Monday, March 22, 2010

Regency Food

by Ann Lethbridge

Just have to show what I cooked for Sunday's dinner. Comfort food. It was snowing again so pineapple upsidedown cake was the order of the day. Not that it is in any way shape or form associated with the Regency.

Definitely yummy though.

And while we are off topic, I receive my author copies of Wicked Rake, Defiant Mistress today. So it is true the book really exists. The cover is even nicer in the flesh than it is in the picture.

Just loving the colour of her dress.

All right so a bit of shameless promo. It just goes to show there is no such thing as a free lunch.

Now for the Regency food bit.

In the Regency during the Season in London, entertaining at home on a lavish scale was de rigeur.

There were dinner parties, card parties, routs, musical evenings, drums, venetian breakfasts.... and of course balls.

A ball had to be the best event of all. A chance for young men to flirt with the debutantes on the dance floor.

Every ball was expected to provide a supper around midnight.

So what did hostesses of the day serve to their guests.

Here is one menu for your perusal ~ From an 1808 cookbook

  • Ten hot roast Fowls
  • Almond Mould with Cream
  • Cray Fish
  • Ices Jellies (several dishes spread along the table)
  • Mashed Potatoes
  • Ham
  • Escaloped Potatoes
  • Apple Puffs
  • Tartlets
  • Scotch Collops
  • Cold Chicken
  • Savoy Cakes
  • Blancmange
  • Beans a la Crème
  • Dressed Lobster
  • Asparag
  • Mince Pies
  • Custards
  • Escaloped Oysters
  • Cold Roast Lamb
  • Prawns
  • Cheesecakes
  • Sallad
  • Beans a la Crème
  • Fricasseed Rabbits
  • Cauliflowers a la Crème

Each of these dishes would be repeated several times until there was sufficient for the number of people attending.

What I found interesting is that many of these dishes would not be out of place on our tables today. I do find it odd the way they mix the savoury foods in with the desserts, but they did seem to eat vegetables and salads too.

A couple of explanations:

Scotch Collops are a traditional Scottish dish created using either thin slices or minced meat of either beef, lamb or venison. This is combined with onion, salt, pepper and suet then then stewed, baked or roasted with optional flavourings according to the meat used. It is traditionally served garnished with thin toast and mashed potato.

Here is a Savoy Cake.

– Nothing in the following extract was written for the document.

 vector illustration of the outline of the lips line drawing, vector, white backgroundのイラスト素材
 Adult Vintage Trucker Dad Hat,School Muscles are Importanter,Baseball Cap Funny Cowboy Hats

The outside is crusted with sugar.

Hope I didn't make you feel too hungry, or maybe you feel as if you have just eaten far too much.

Until next time, Happy Rambles.

Thursday, March 18, 2010

Regency Food

by Michele Ann Young

Labeled Food, this article falls under the drinking part of eating.

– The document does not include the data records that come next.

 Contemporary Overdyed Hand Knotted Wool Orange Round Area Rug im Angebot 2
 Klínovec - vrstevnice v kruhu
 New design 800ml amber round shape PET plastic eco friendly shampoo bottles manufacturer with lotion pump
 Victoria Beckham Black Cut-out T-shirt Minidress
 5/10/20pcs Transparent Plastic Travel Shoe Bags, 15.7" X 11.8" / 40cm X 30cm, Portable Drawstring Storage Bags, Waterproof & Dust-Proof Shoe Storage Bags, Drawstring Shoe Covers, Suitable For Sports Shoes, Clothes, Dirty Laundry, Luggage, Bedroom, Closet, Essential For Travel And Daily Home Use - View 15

The Georgian era was a time of gargantuan appetites for the men of the nobility.

These men rode 40 miles hunting a stag, raced phaetons from London to Brighton, ate massive breakfasts and gargantuan dinners. They had a love of life and little more to do than enjoy it.

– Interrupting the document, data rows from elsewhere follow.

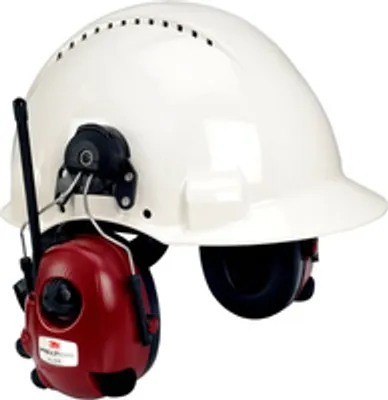 Produktbild von 3M M2RX7P3E2-01 - Industry - H=29 M=28 L=22 - 30 dB - Stereophonisch - Kopfband - Helmet - Schwarz - Rot - Weiß (XH001680400)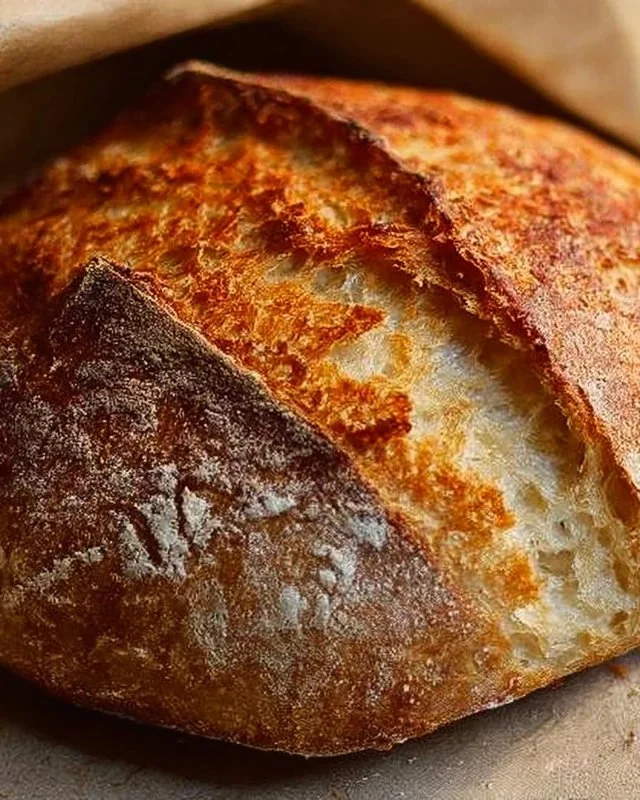 A loaf of artisan no-knead yeast bread fresh out of the oven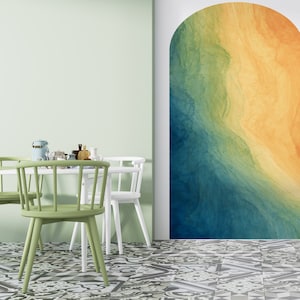 Arch Decal. Colorful Liquid Fluid Watercolor Arch Peel and Stick Wall Decal. Removable Graphic. #6294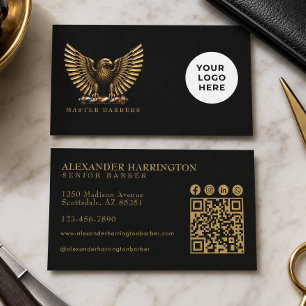 Modern Golden Eagle Barber Shop Logo Hair Stylist Business Card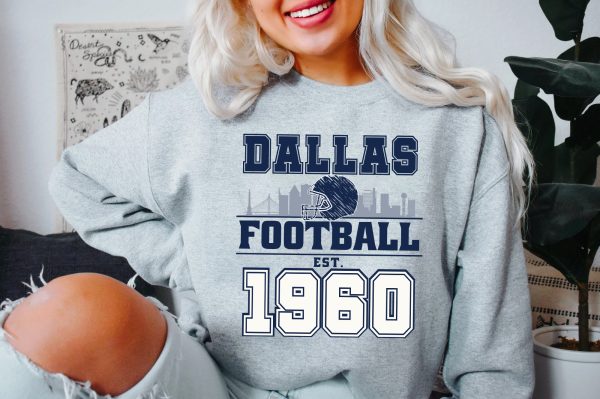 Vintage Dallas Cowboys Football Sweatshirt, Retro NFL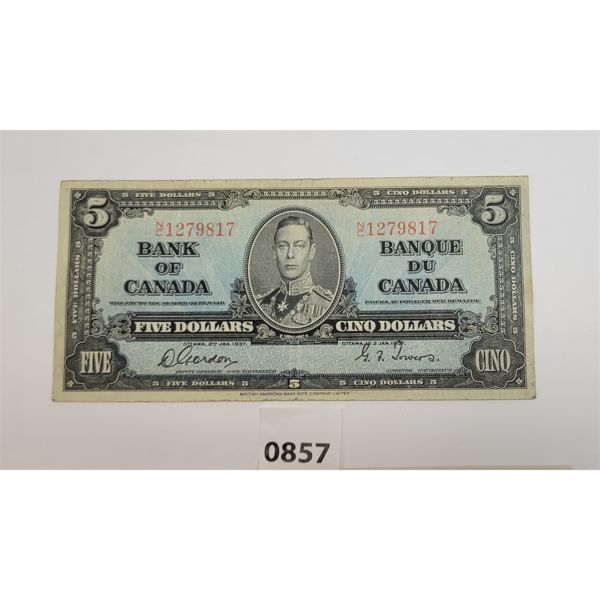 1937 CDN $5 BANKNOTE
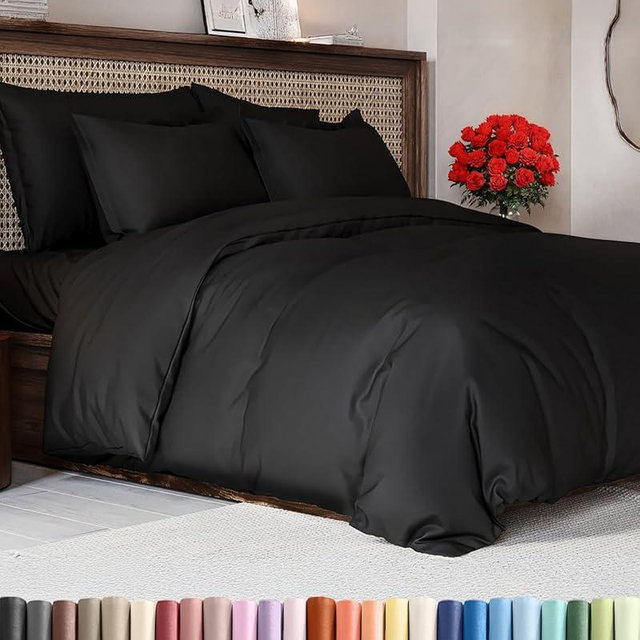 Black Duvet Cover Cal King Size - Extra Soft Cal King Size Duvet Cover - Lightweight, Comfy & Breathable - Easy Care & Fade Free w/ Zipper Closures & Ties - 104" x 98" Inches - Comforter Not Included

Needless to say their health suffered as a result. The Prince of Wales in his twenties suffered much from the effects of over-indulgence and often ran a fever, the remedy for which was bleeding.

What did they drink with all this food?

Claret was a very popular drink of the nobility.

And a favorite of the Prince of Wales. Here is his portrait as a young man.

The Prince of Wales brother Frederick could easily consume six bottles of claret at a sitting. Claret is a red wine from Bourdeaux.

In the 18th century drinking claret helped the rich distinguish themselves from those below them. Port a more traditional drink with the gentry, and far cheaper. For example: John Hervey, the first Earl of Bristol, spent four times as much on claret as on port, whereas the tradesmen who gathered in the Barbers Hall in the City of London spent a mere £2 on claret as against £850 on port.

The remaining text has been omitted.